▸ **Raw data**
----------------------------------------

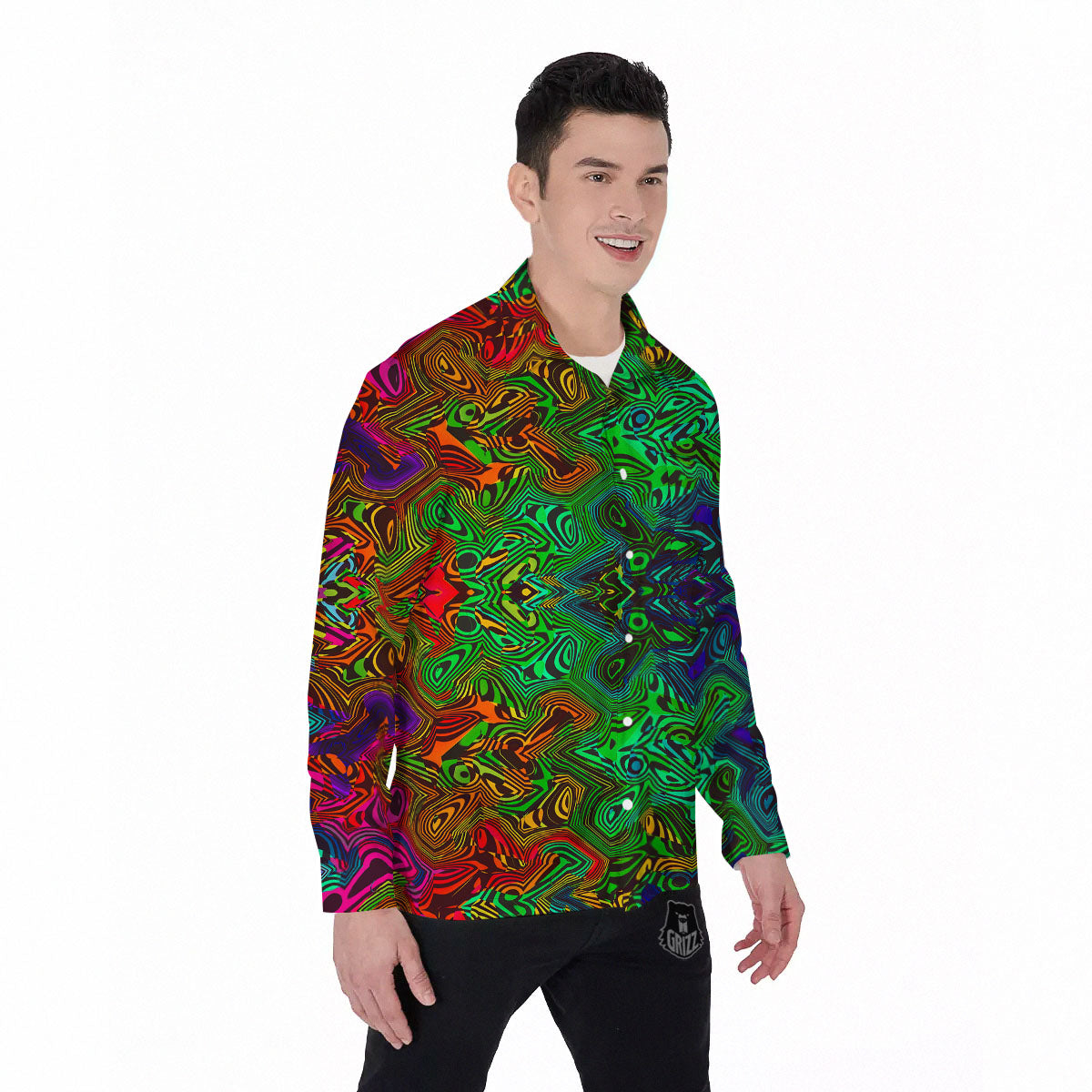 Rave Psychedelic Print Pattern Men's Long Sleeve Shirts-grizzshop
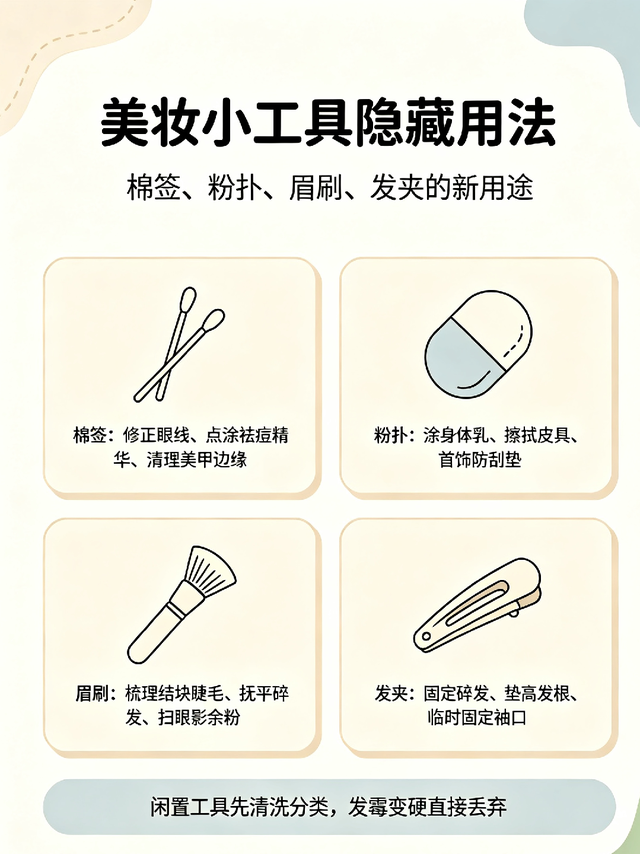 小工具妙用：棉签粉扑眉刷发夹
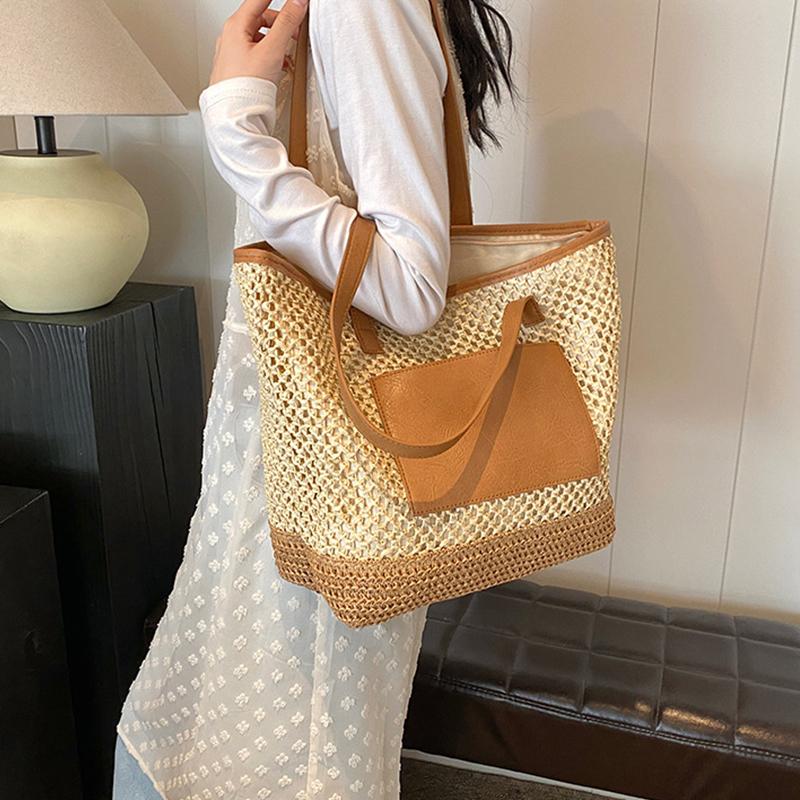 Women Crochet Beach Handbag PU Patchwork Weaving Travel Bag Contrast Color Simple Shoulder Bag Ladies Summer Daily Bag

----------------------------------------

▸ **Task brief**
Make an exact copy of the listing, with no images in it.

▸ **Answer for this exercise**
 Rave Psychedelic Print Pattern Men's Long Sleeve Shirts-grizzshop
 小工具妙用：棉签粉扑眉刷发夹
 Women Crochet Beach Handbag PU Patchwork Weaving Travel Bag Contrast Color Simple Shoulder Bag Ladies Summer Daily Bag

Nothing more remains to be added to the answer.